### Source material
* * * * *

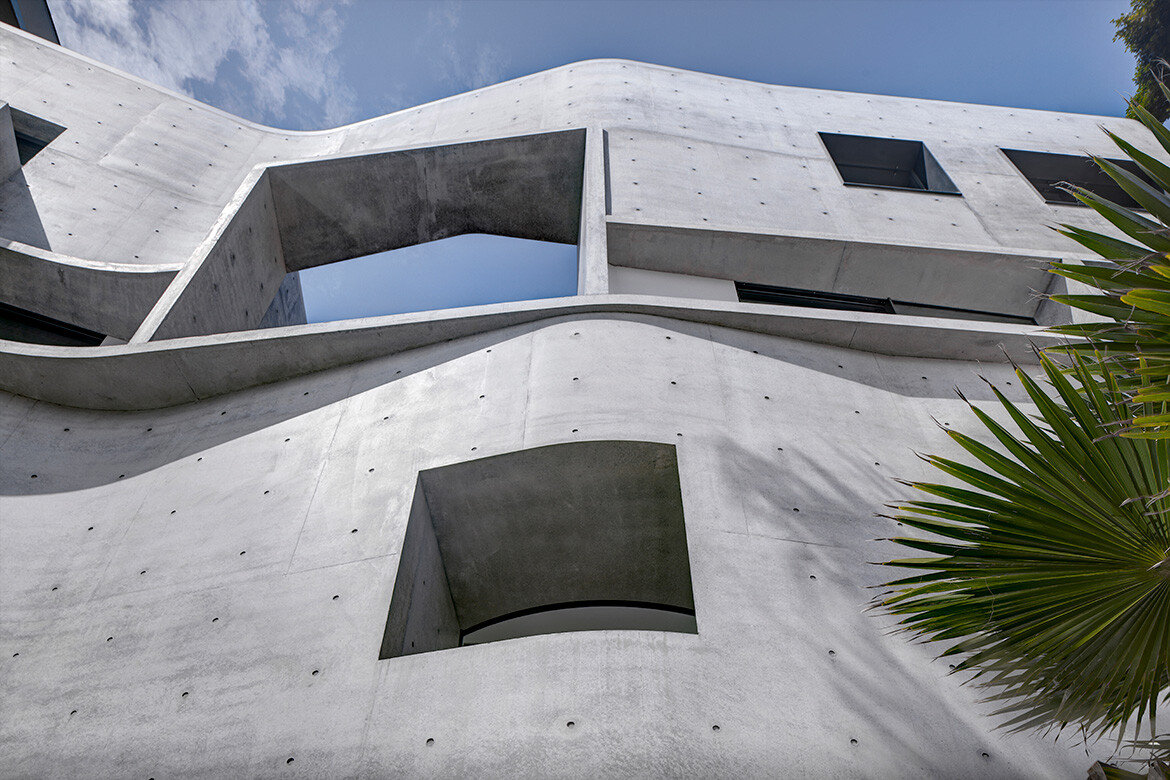 A dose of modernism to the Sydney coastline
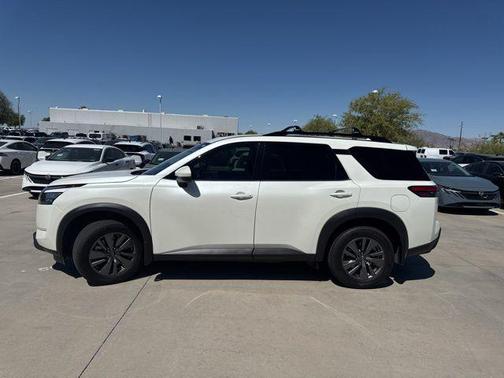 White 2024 Nissan Pathfinder SV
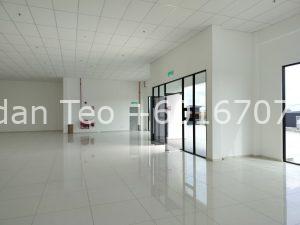 Johor Factory Malaysia Industry WhatsApp-Image-2025-07-28-at-20.20.25-300x225 Senai Factory with Big Power, High Ceiling Dock Leveler,Loading Bay For Rent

* * * * *

### Problem to solve
What you write must match, line for line, the lines from the one with "White 2024 Nissan Pathfinder SV" through the last line of the data above, minus the pictures.

### Answer to this problem
 White 2024 Nissan Pathfinder SV
 Johor Factory Malaysia Industry WhatsApp-Image-2025-07-28-at-20.20.25-300x225 Senai Factory with Big Power, High Ceiling Dock Leveler,Loading Bay For Rent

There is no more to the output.